The Battle of Mečkin Kamen also known as 'Battle of Mechkin Kamen' (Bulgarian: Битка при Мечкин Камен, Macedonian: Битка кај Мечкин Камен) occurred on the hill now known as Mečkin Kamen ("Bear's Stone"), a few kilometres south from the town of Kruševo on 12 August 1903. It was part of the Ilinden-Preobrazhenie Uprising, led by the Internal Macedonian-Adrianople Revolutionary Organisation (IMARO or VMARO) against the Ottoman Empire. The leading revolutionary commanders of the local Kruševo Republic were Nikola Karev and Pitu Guli.

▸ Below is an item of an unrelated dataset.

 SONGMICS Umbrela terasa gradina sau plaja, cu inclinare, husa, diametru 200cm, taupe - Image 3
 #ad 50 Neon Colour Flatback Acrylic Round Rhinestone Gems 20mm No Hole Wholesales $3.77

The battle is an important event that is celebrated in Bulgaria and North Macedonia.

Before the battle, Pitu Guli inspected his forces and found out that 70 out of the 300 men part of his unit did not have any weapons so he let them return home. Following the takeover, and subsequent declaration of the Krusevo Republic, the surrounding areas were besieged by the Ottoman forces for an estimated 10 days, with the forces of the Macedonian Bulgarians and Aromanians being outnumbered and overrun. Following the Battle of Sliva and Mečkin Kamen, large parts of the Aromanian areas and villages were destroyed while 'the Bulgarian quarter' was mostly spared. Revolutionary Pitu Guli and most of his men were killed at the battle of Mečkin Kamen while Nikola Karev managed to break through the Turkish lines and escaped back to Bulgaria. The Turkish forces entered the town of Kruševo on the 12th August 1903.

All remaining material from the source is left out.